- **Exercise requirements**: Begin at the line containing "This week on" and retype each line through the end of the records exactly. Include nothing else and no pictures.

- **Input data**:
........

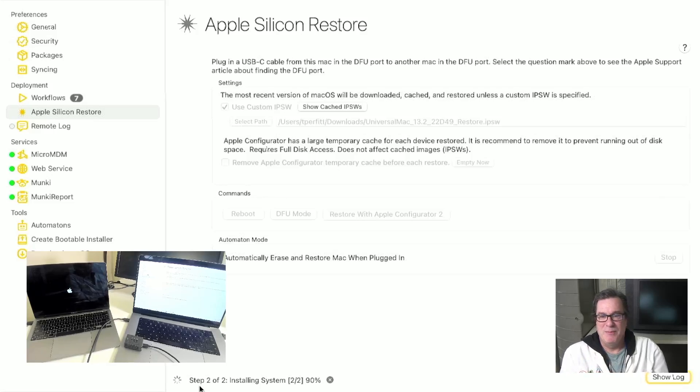So that's great for a single Mac. This is great if you have a one-off Mac and you want to spend about 10 minutes to get it all set up. But what happens if you have a whole bunch of Macs and you want to be able to restore them?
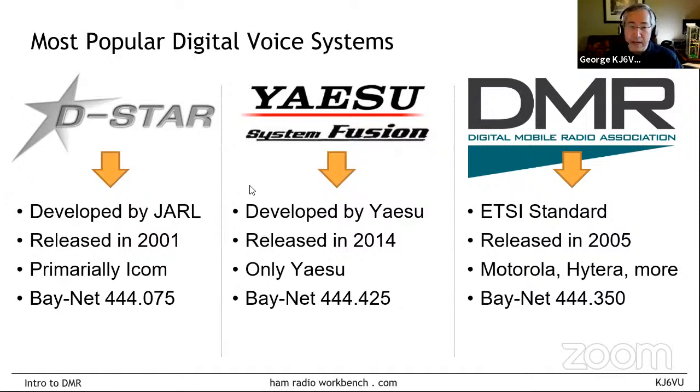A little background on each system. DSTAR was developed by the Japan Amateur Radio League (JARL), with the spec originally released back in 2001. ICOM jumped on it early and for many years was the only supplier of DSTAR radios — they're still by far the leading supplier, though you can get DSTAR radios from Kenwood and even add DSTAR to Flex radios. Yaesu Fusion was developed by Yaesu, first coming out around 2014. Only Yaesu makes compatible equipment — it's a proprietary system. Yaesu says it's open, but nobody else is building to the Yaesu standard.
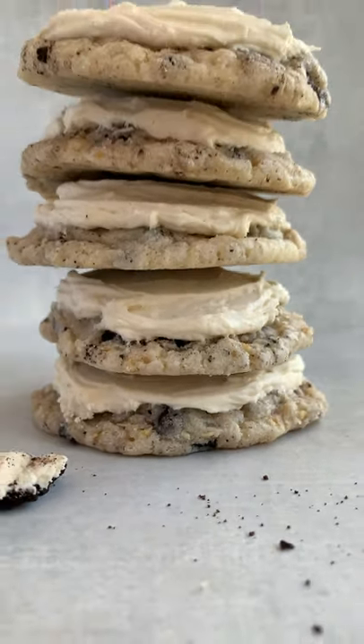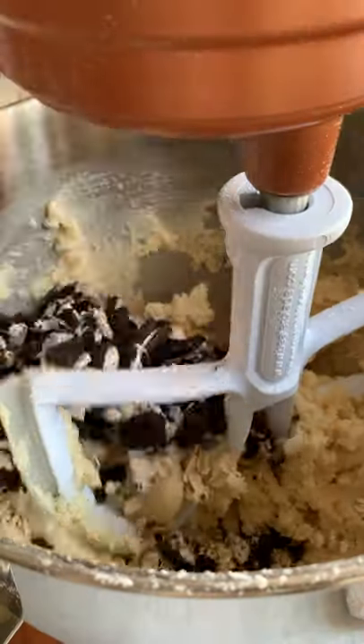This week on making cookies inspired by TV shows, we're doing Riverdale. An iconic place in Riverdale is Pop's Diner, where the core four always order milkshakes. So I decided to make a chilled cookies and cream milkshake cookie.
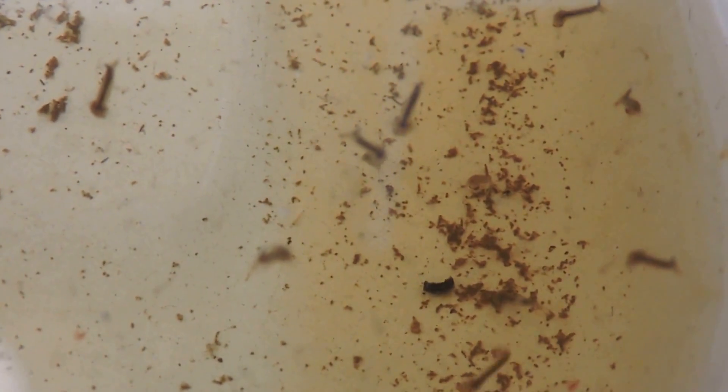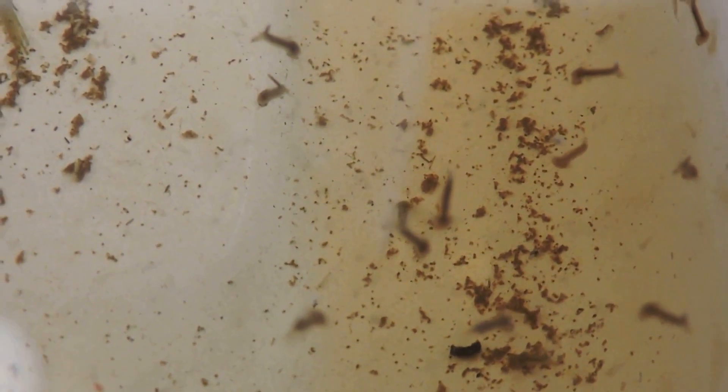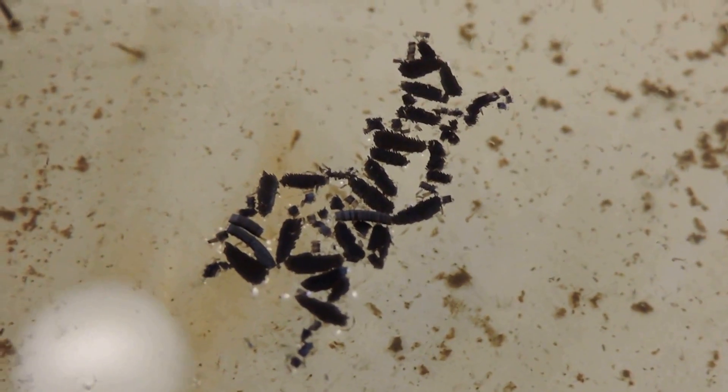These are all Asian tiger mosquitoes and they like stagnant water. They can grow in very little areas. The best way of controlling them is absolutely getting rid of standing water that they can breed in, just a little tiny bit.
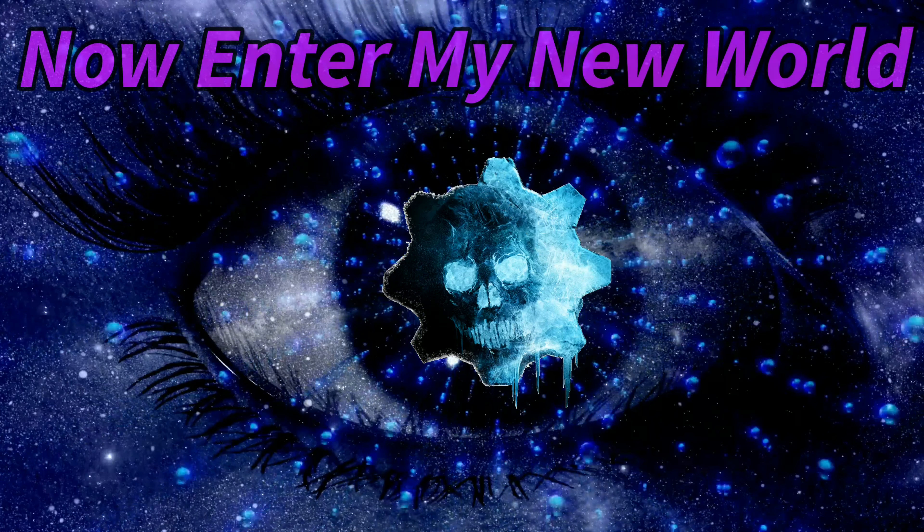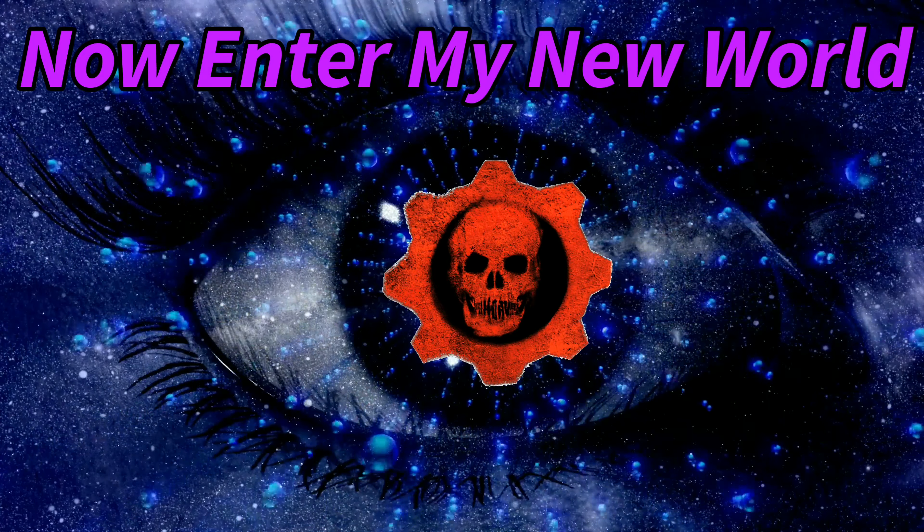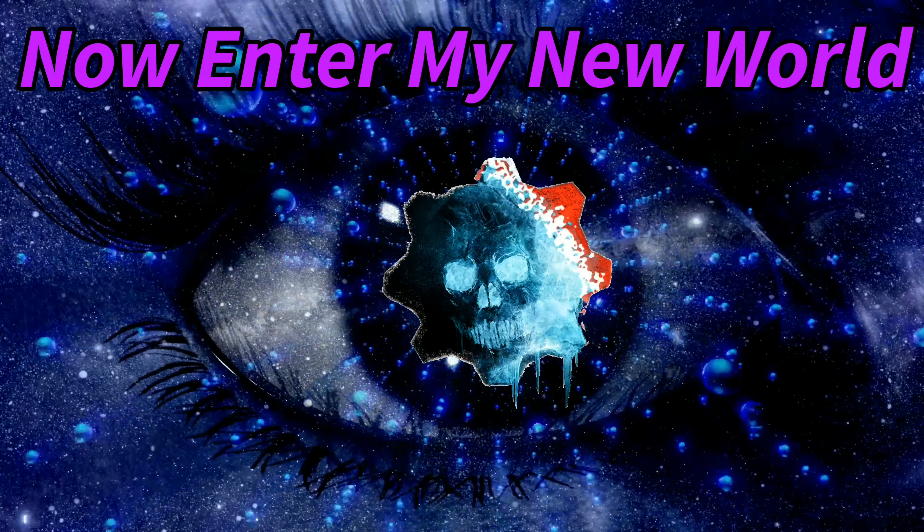Thank you for joining us. Hello everyone. So not really a backstory.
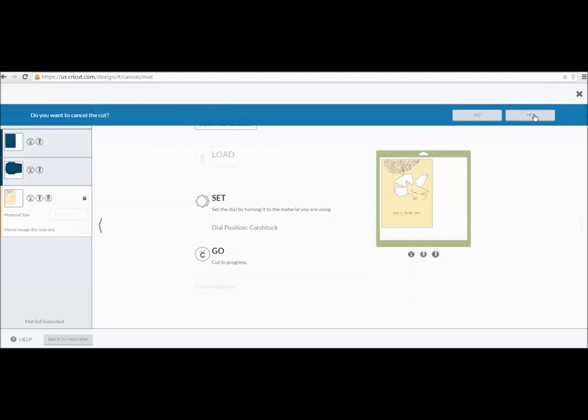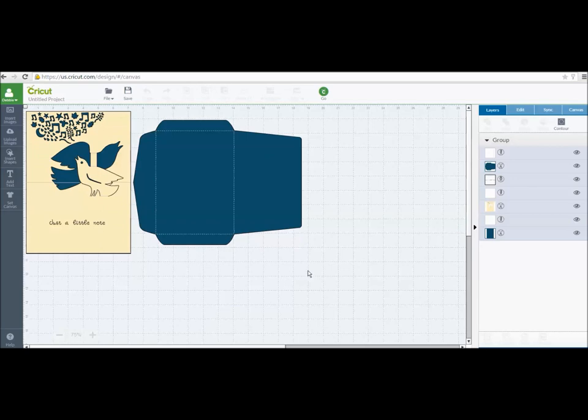If you decide you don't want the pre-made sentiment — maybe you want to stamp it or hand-write a note — just go to the layers panel, find the pen writing layer, and turn the eye off by clicking on it. That removes the writing. When you go to cut, it'll still score and cut the shape, but it won't ask you to insert the pen. That's how you use the Simple Pop-Up Card cartridge for any of the 30 cards. Now in part two I'm going to show you how to put the card together so you can complete a finished card.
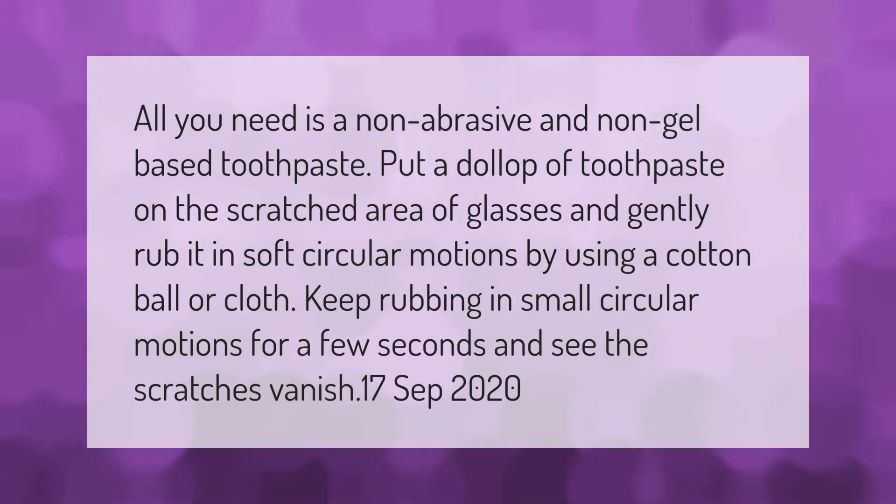All you need is a non-abrasive and non-gel based toothpaste. Put a dollop of toothpaste on the scratched area of the glasses and gently rub it in soft circular motions using a cotton ball or cloth. Keep rubbing in small circular motions for a few seconds and see the scratches vanish.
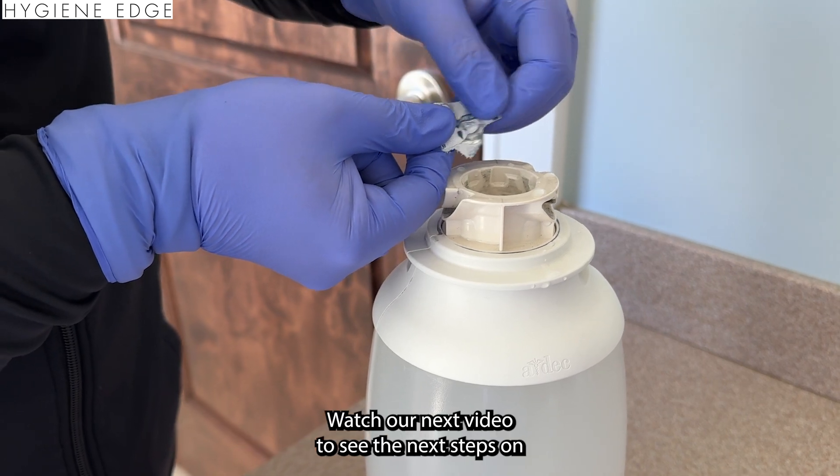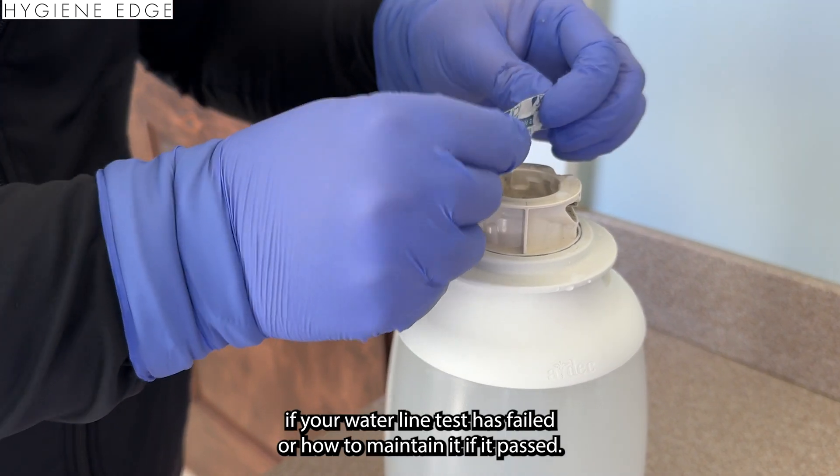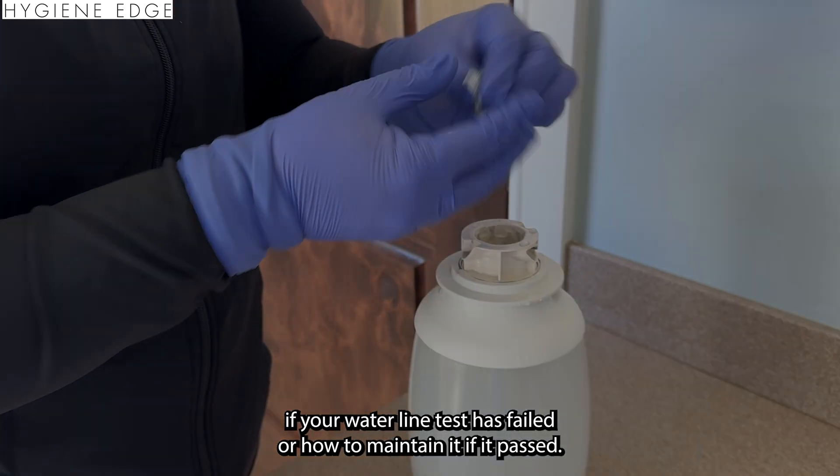Now that you have your results, what now? Watch our next video to see the next steps on what to do if your water line test has failed, or how to maintain it if it passed.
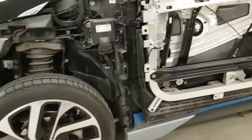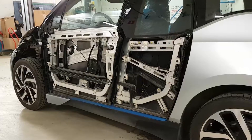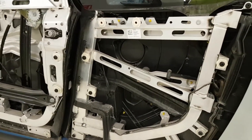This video shows the inner door structures of a BMW i3. The bottom panels are some combination of plastic, aluminum, and carbon fiber, and are mounted to the carbon frame using screws and clips, which allows for quick removal and precise adjustment.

........

- **Result of the task**:
This week on making cookies inspired by TV shows, we're doing Riverdale. An iconic place in Riverdale is Pop's Diner, where the core four always order milkshakes. So I decided to make a chilled cookies and cream milkshake cookie.
These are all Asian tiger mosquitoes and they like stagnant water. They can grow in very little areas. The best way of controlling them is absolutely getting rid of standing water that they can breed in, just a little tiny bit.
Thank you for joining us. Hello everyone. So not really a backstory.
If you decide you don't want the pre-made sentiment — maybe you want to stamp it or hand-write a note — just go to the layers panel, find the pen writing layer, and turn the eye off by clicking on it. That removes the writing. When you go to cut, it'll still score and cut the shape, but it won't ask you to insert the pen. That's how you use the Simple Pop-Up Card cartridge for any of the 30 cards. Now in part two I'm going to show you how to put the card together so you can complete a finished card.
All you need is a non-abrasive and non-gel based toothpaste. Put a dollop of toothpaste on the scratched area of the glasses and gently rub it in soft circular motions using a cotton ball or cloth. Keep rubbing in small circular motions for a few seconds and see the scratches vanish.
Now that you have your results, what now? Watch our next video to see the next steps on what to do if your water line test has failed, or how to maintain it if it passed.
This video shows the inner door structures of a BMW i3. The bottom panels are some combination of plastic, aluminum, and carbon fiber, and are mounted to the carbon frame using screws and clips, which allows for quick removal and precise adjustment.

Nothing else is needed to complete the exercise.